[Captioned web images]
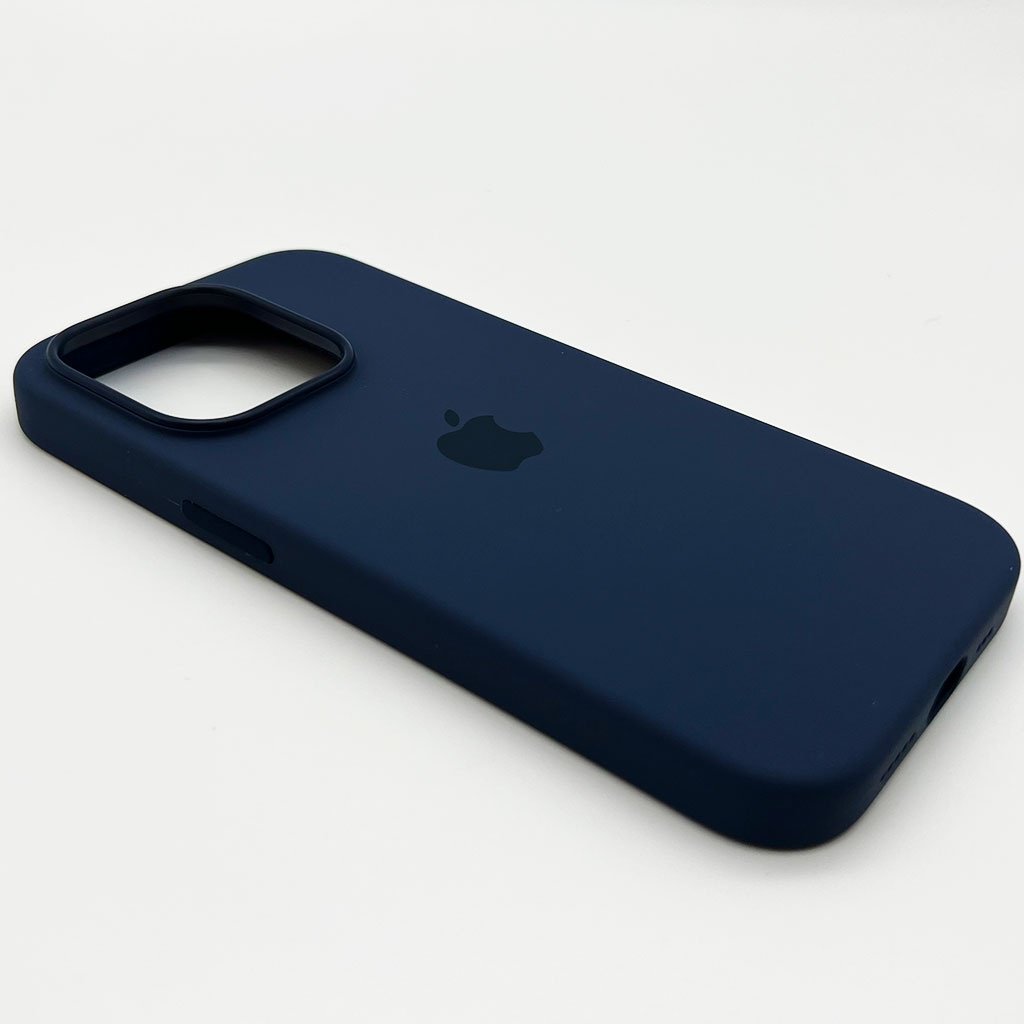 Чехол для Apple iPhone 14 Pro Max синий купить,NaN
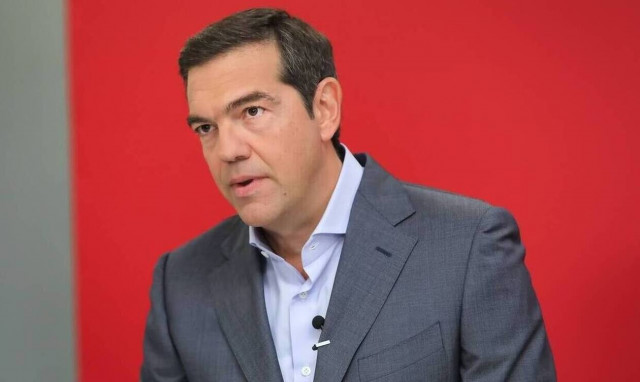 Τσίπρας: Ανίκανη, ανεύθυνη και κυνική η κυβέρνηση 
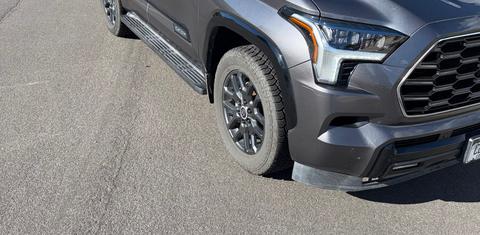 Toyota Sequoia 2024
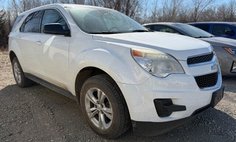 2015 Chevrolet Equinox LS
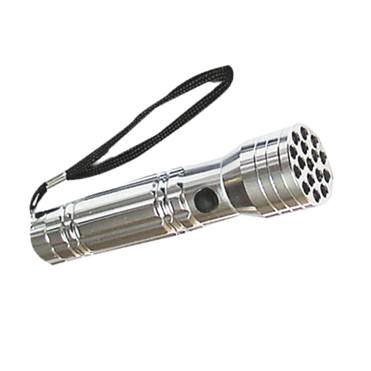 FLASH LIGHT 15LED+1LASER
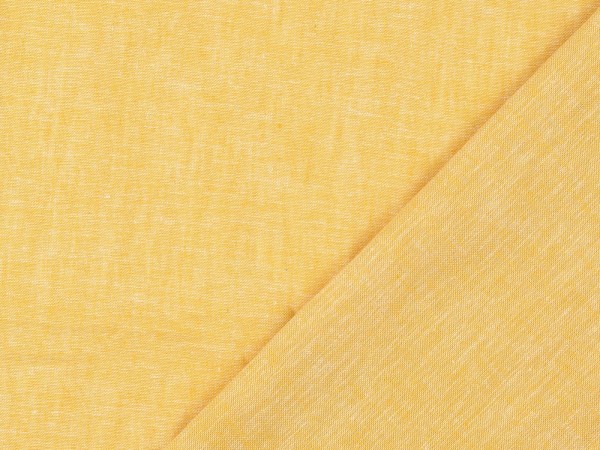 Baumwoll Leinen meliert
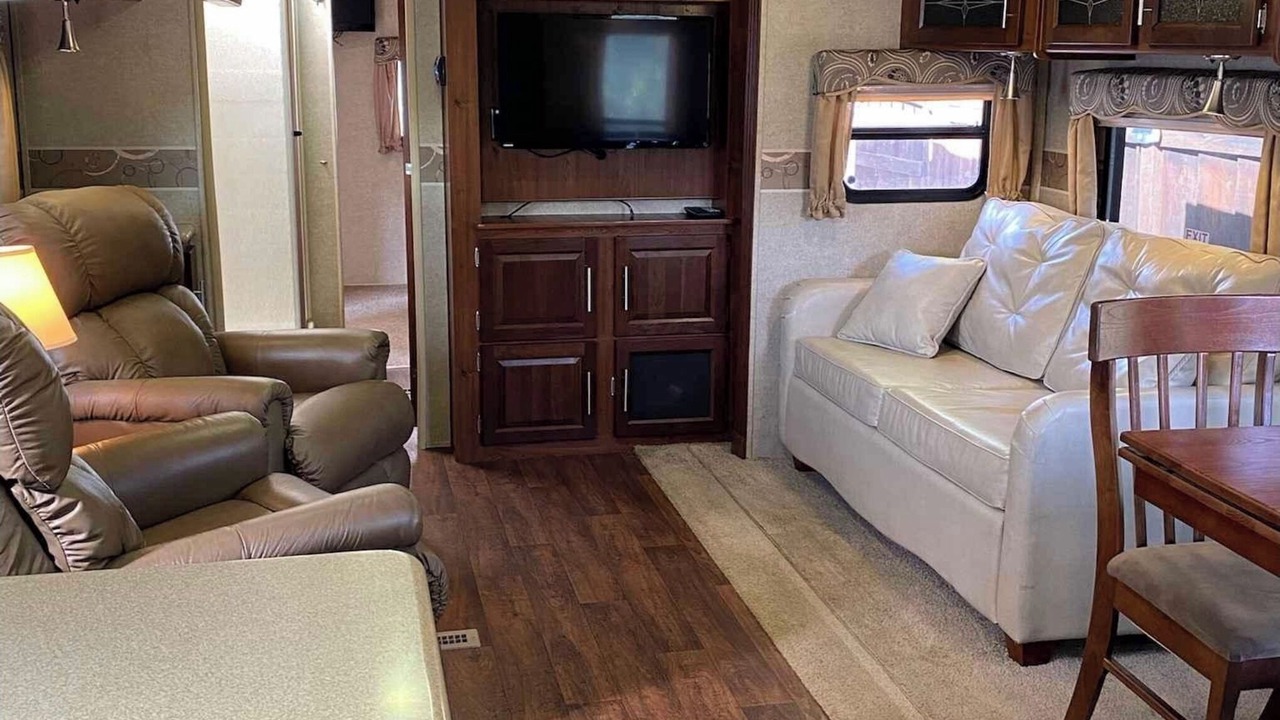 Photo of Livingroom in Wishon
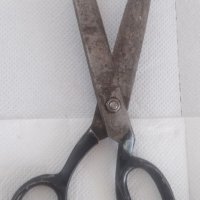 Стари шивашки ковани ножици Solingen, снимка 3 - Антикварни и старинни предмети - 35660770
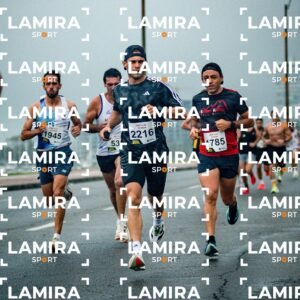 Corre Montevideo - Dorsal 2216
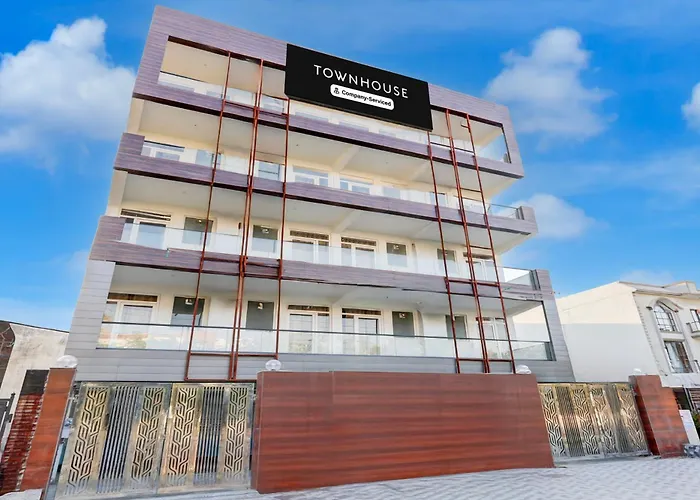 Super Townhouse Sector 1 Manesar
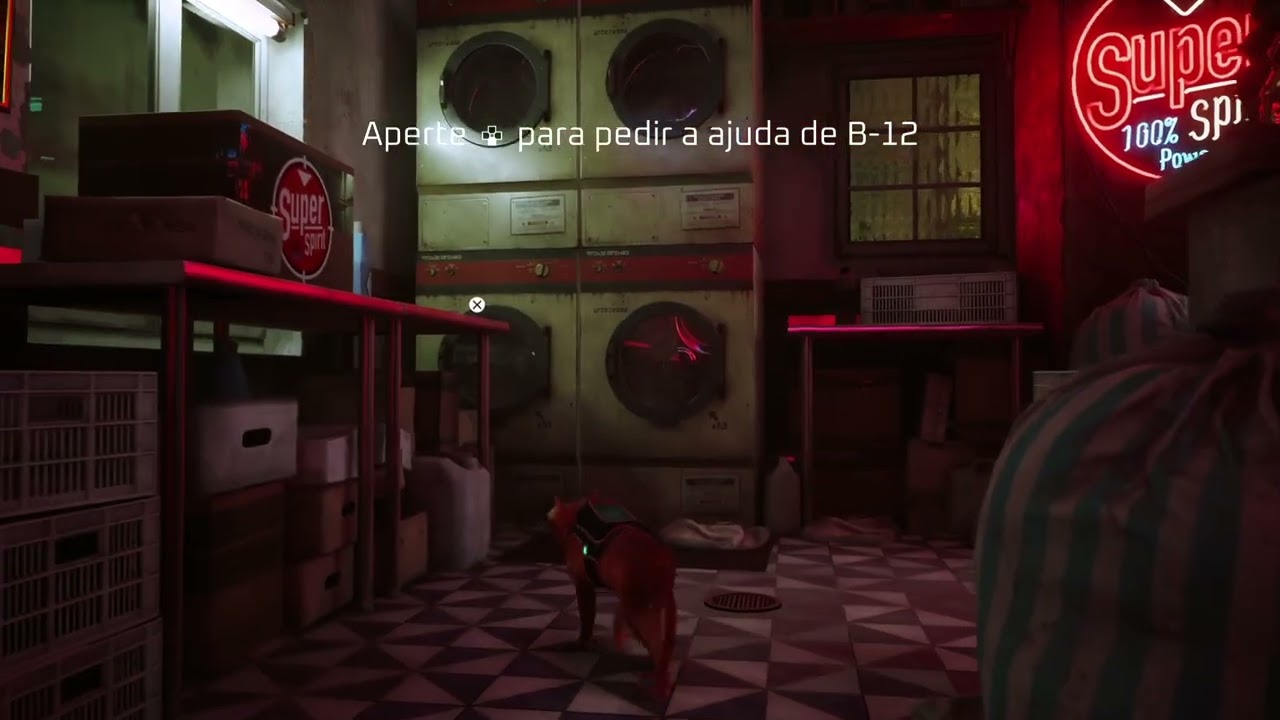 Stray - A Favela - Parte 1 - PS5 #straycat #ps5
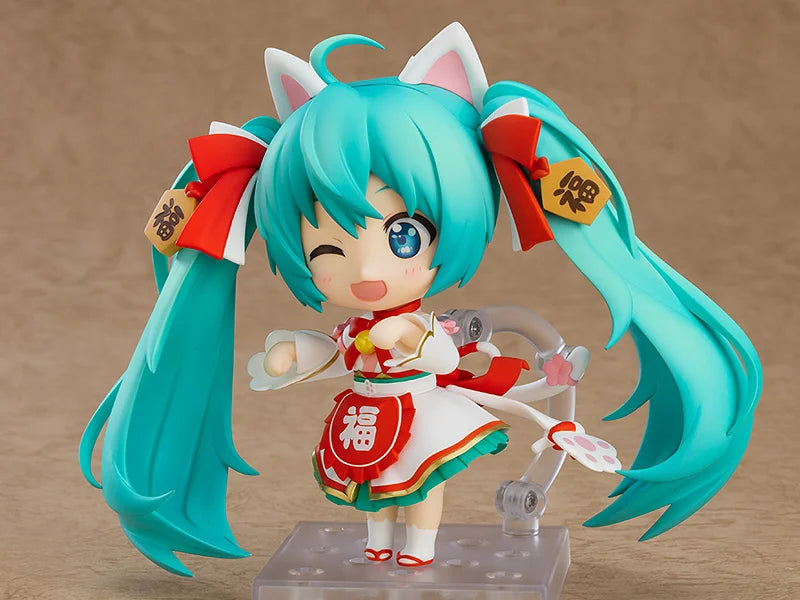[Preventa] NENDOROID - Hatsune Miku: Maneki Miku Ver.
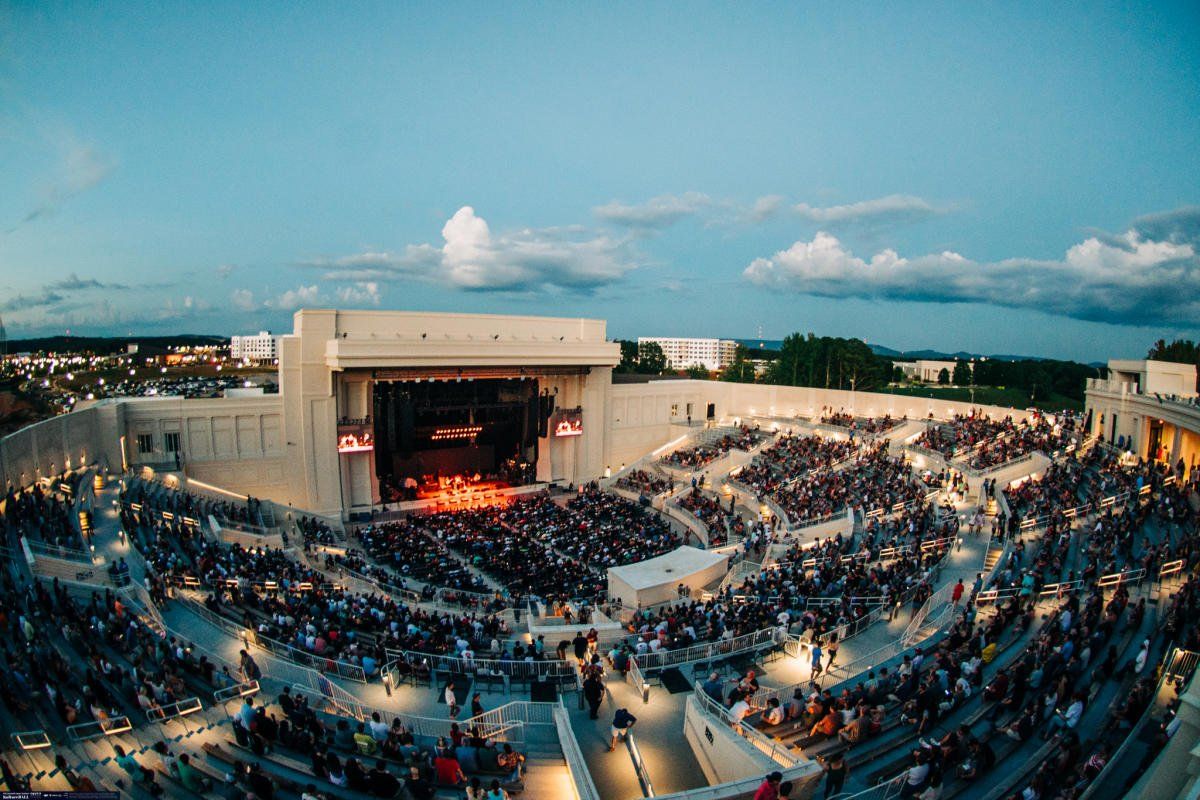 Parking The Sound of Music - Huntsville, 28 January | Event in Huntsville | AllEvents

* WORK REQUEST *
With the images omitted, retype the records above exactly.

* EXERCISE RESPONSE *
 Чехол для Apple iPhone 14 Pro Max синий купить,NaN
 Τσίπρας: Ανίκανη, ανεύθυνη και κυνική η κυβέρνηση 
 Toyota Sequoia 2024
 2015 Chevrolet Equinox LS
 FLASH LIGHT 15LED+1LASER
 Baumwoll Leinen meliert
 Photo of Livingroom in Wishon
 Стари шивашки ковани ножици Solingen, снимка 3 - Антикварни и старинни предмети - 35660770
 Corre Montevideo - Dorsal 2216
 Super Townhouse Sector 1 Manesar
 Stray - A Favela - Parte 1 - PS5 #straycat #ps5
[Preventa] NENDOROID - Hatsune Miku: Maneki Miku Ver.
 Parking The Sound of Music - Huntsville, 28 January | Event in Huntsville | AllEvents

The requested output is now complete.